Before Rosie the Riveter…

munitionettes

A generation before Rosie the Riveter, munitionettes “manned”* Britain’s factories and mines, replacing the men who volunteered for General Kitchener’s New Army in 1914 and 1915.

Women were initially greeted in the work force with hostility. Male trade unionists argued that the employment of women, who earned roughly half the salary of the men they replaced, would force down men’s wages.** Some argued that women did not have the strength or the technical skills to do the work.

When universal male conscription was passed in 1916, need out-weighed social resistance. By the 1918, 950,00 women worked in Britain’s munitions industry, outnumbering men by as much as three to one in some factories.
The hours were long and the work was dangerous. Munitionettes were popularly known as “canary girls” because prolonged exposure to toxic sulphuric acid tinged their skin yellow. Deadly explosions were common.

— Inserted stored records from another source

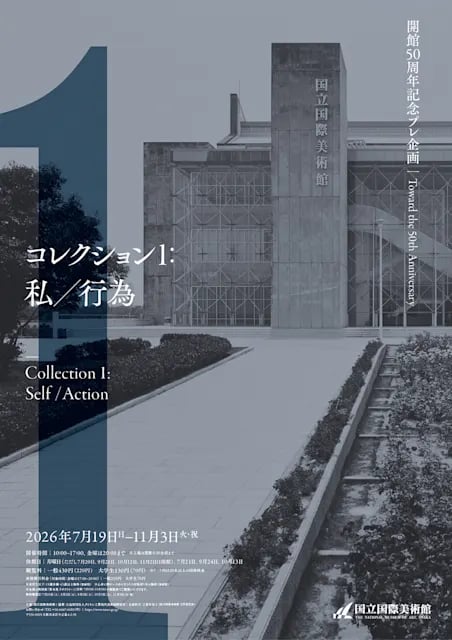 開館50周年記念プレ企画 コレクション1:私/行為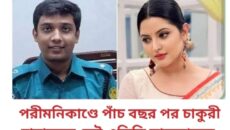 পরীমনিকাণ্ডে পাঁচ বছর পর চাকুরী হারাচ্ছেন সেই এডিসি সাকলায়েন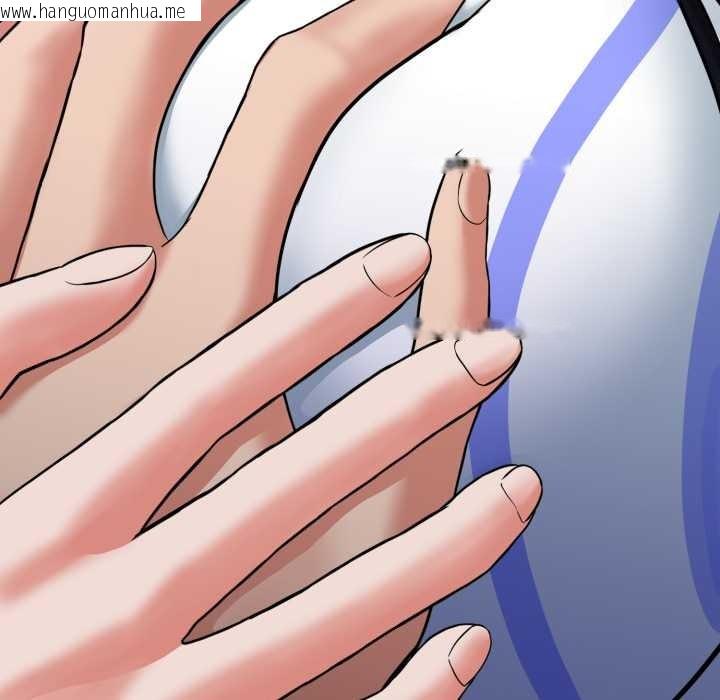 韩国漫画黑帮千金养成记/刺龙刺凤的女友韩漫_黑帮千金养成记/刺龙刺凤的女友-第7话在线免费阅读-韩国漫画-第21张图片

Munitionettes were not the only women to enter Britain’s work force in World War I. Another 250,000 joined the work force in jobs that ranged from dockworkers and firefighters*** to government clerks, nurses, and ambulance drivers. The number of women in the transport industry alone increased 555% during the war.

At the end of the war, most of the munitionettes and their fellow war workers were replaced by returning soldiers. Many of them were probably glad to go. But the definition of “women’s work” had been permanently changed. The thin edge of the wedge had been inserted.

* So to speak.
** Evidently the simple solution of negotiated for women to be paid an equal wage for equal work did not occur to male dominated unions. As a consequence, women’s trade unions saw an enormous increase in membership during the war.
*** Imagine fighting a fire in a long skirt and petticoats.